De l’an 10 environ à l’an 4, Josèphe mentionne comme s’étant succédé en Syrie les légats Titius, Saturninus et Varus. D’après Momrn-sen et Schurer, la première légation de Quirinius ne saurait trouver place qu’après l’expiration des fonctions de Varus, de 3 à 2 avant Jésus-Christ. Mais, si c’est alors qu’on procéda au recensement qui fut la cause occasionnelle de la venue de Marie à Bethléhem, il y a là de nouveau contradiction avec l’attestation formelle de la naissance de Jésus « aux jours du roi Hérode ».

D’autres combinaisons ont été proposées. Nous ne pouvons les signaler toutes. Ramsay a découvert en 1912 à Antioche de Pisidie une inscription dans laquelle Quirinius est qualifié de duumvir. Il suppose que ce titre fut décerné à l’ancien consul par les autorités de la colonie à la suite de son heureuse campagne, qui avait pacifié le pays. Un milliaire, témoin de la construction de la route impériale destinée à relier Antioche aux cinq colonies pisidiennes nouvellement fondées, sert de preuve au savant anglais pour établir que cette pacification était chose faite vers l’an 6 avant Jésus-Christ, et que par conséquent la guerre des Homonades doit remonter aux années préceédentes.

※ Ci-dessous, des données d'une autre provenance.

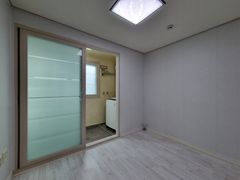 신월동3룸 7번째 이미지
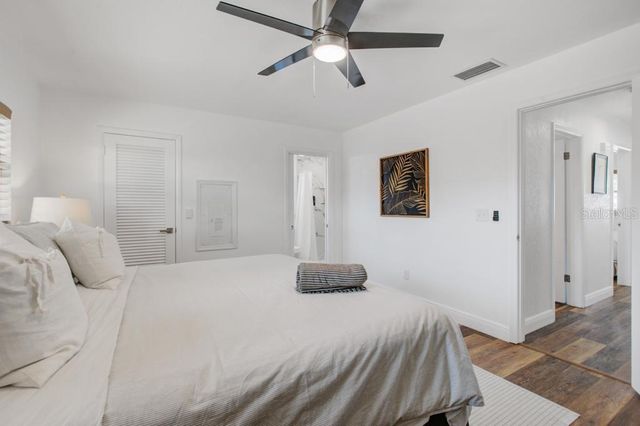 2121 GREENBRIAR BOULEVARD, Clearwater, FL 33763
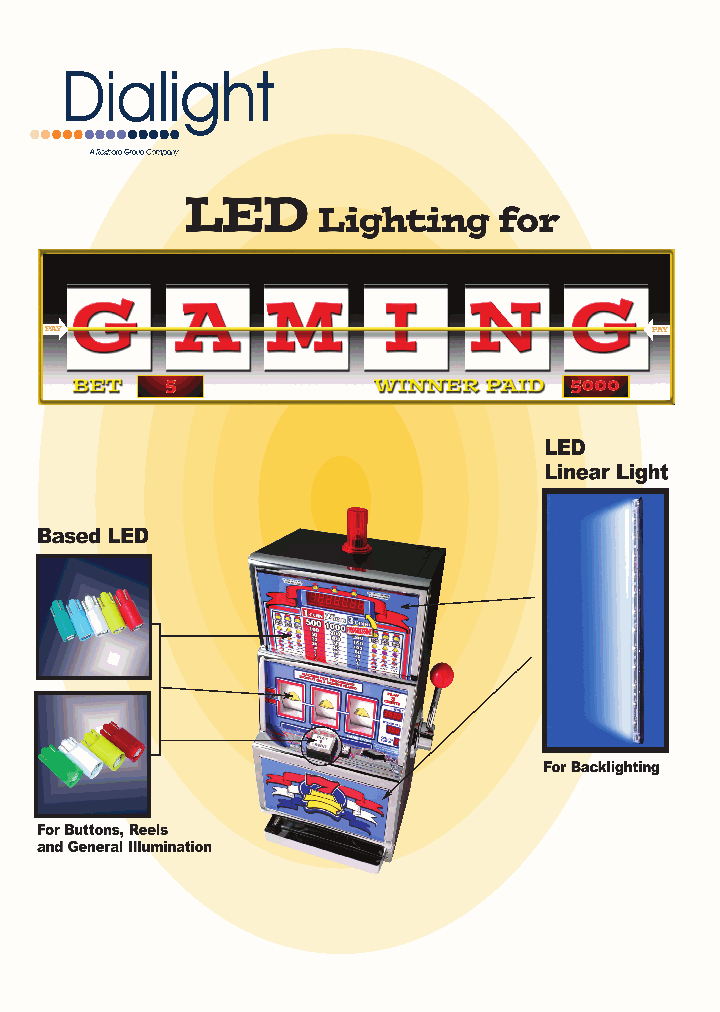586-1203-203_6661570.PDF Datasheet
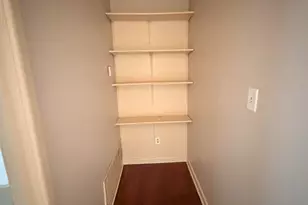 8224 Echo Ln, Tyler, TX 75708 - Photo 5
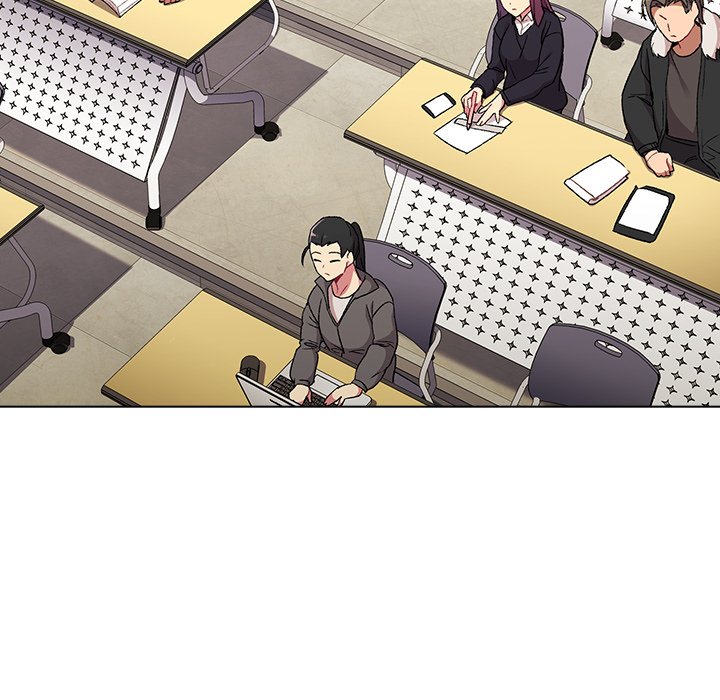 Read What do I do now...? chapter 7 image 175 on Lezhin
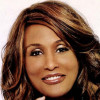 Beverly Johnson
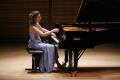 Angela Hewitt, credit Richard Termine, courtesy Società dei Concerti di Parma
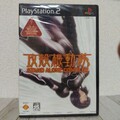 Ghost in the Shell STAND ALONE COMPLEX [PS2 Spielsoftware] Ungeöffnet Japan A...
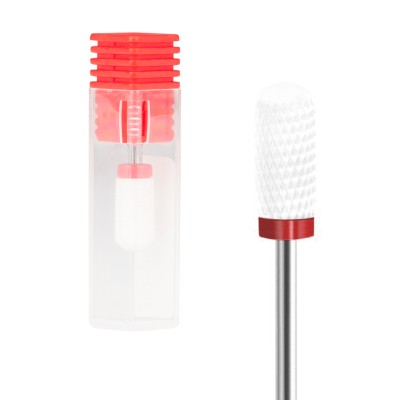 Frezarka Exo Silent SX7 - bezszczotkowa -Frezarka do paznokci- 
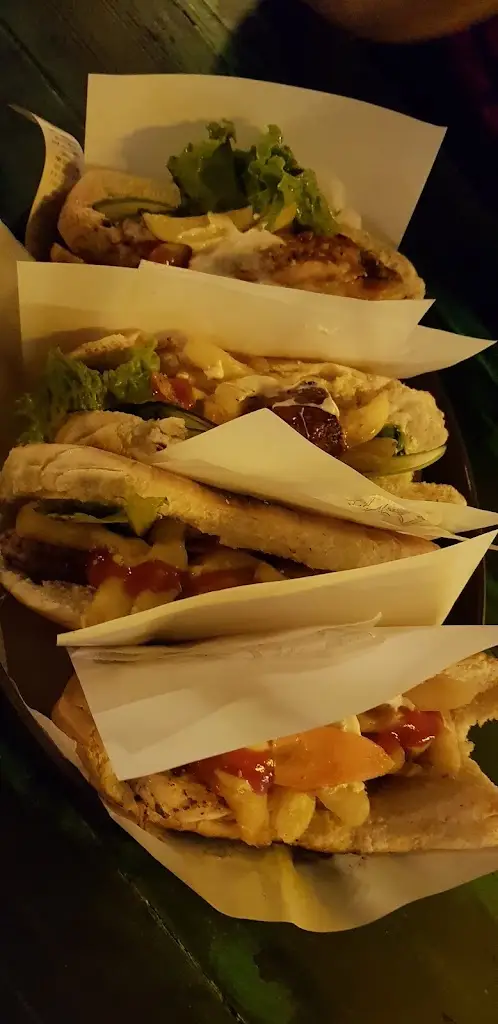 Menu_Summer Kavlotik_Kateríni_image_4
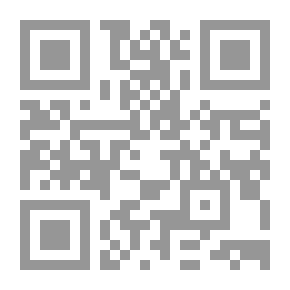 Qr Code The Persuasive And The Great Explanation C 16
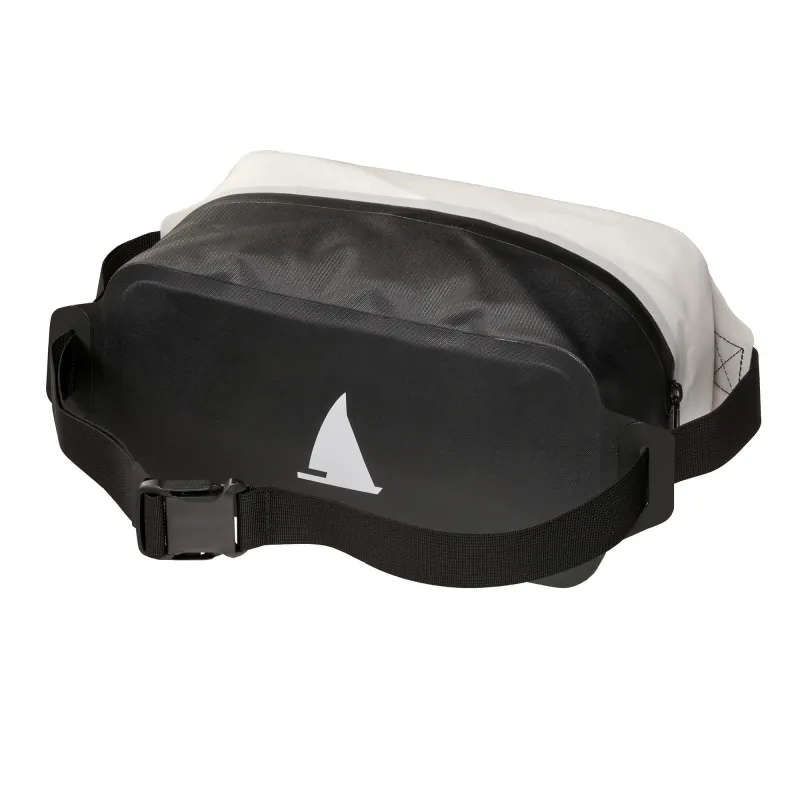 Musto EVOLUTION DRY SLING BAG Musto EVOLUTION DRY SLING BAG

Quirinius aurait été pour la première fois gouverneur de la Syrie dans les années 10 à 7 (ou 11/10 à 8/7) avant Jésus-Christ. Une assertion à ne pas négliger est celle de Tertullien (Adversus Marcionem, IV, 19), qui dit que le recensement fut fait en Judée par Sentius Saturninus. Ceci s’accorde, au moins quant à la date, avec les conclusions auxquelles Ramsay est amené par les témoignages épigraphiques, vu que Saturninus a été en charge, selon les indications de Josèphe, de 9 à 6 environ. Ramsay pense qu’il y a eu en Syrie deux gouverneurs à la fois. Zahn recourt à une explication qui mérite aussi d’être mentionnée. Il ne croit pas que Quirinius ait été chargé deux fois du gouvernement de la Syrie. D’après lui, quand le recensement palestinien a été ordonné et entrepris (vers 6 avant Jésus-Christ), la Syrie était gouvernée par Varus, mais Quirinius s’y trouvait déjà en qualité de commissaire impérial extraordinaire. Luc lui attribuerait par anticipation le titre de gouverneur, qui ne devait lui appartenir que plus tard, après la mort d’Hérode, non pas d’ailleurs à la date indiquée par Josèphe, mais de 4 à 3 avant Jésus-Christ.

Le point n’est pas encore définitivement éclairci. Mais on voit déjà par les inscriptions qu’il n’y a pas lieu de donner systématiquement raison à Josèphe lorsqu’il est en conflit réel ou apparent avec le Nouveau Testament. L’histoire de l’administration romaine en Syrie est plus compliquée que ne le montre l’historien juif. Et la plus inacceptable des hypothèses est bien celle d’après laquelle toute cette affaire de recensement aurait été imaginée ou truquée dans l’Évangile, à seule fin de faire naître le Christ à Bethléhem, selon les prophéties.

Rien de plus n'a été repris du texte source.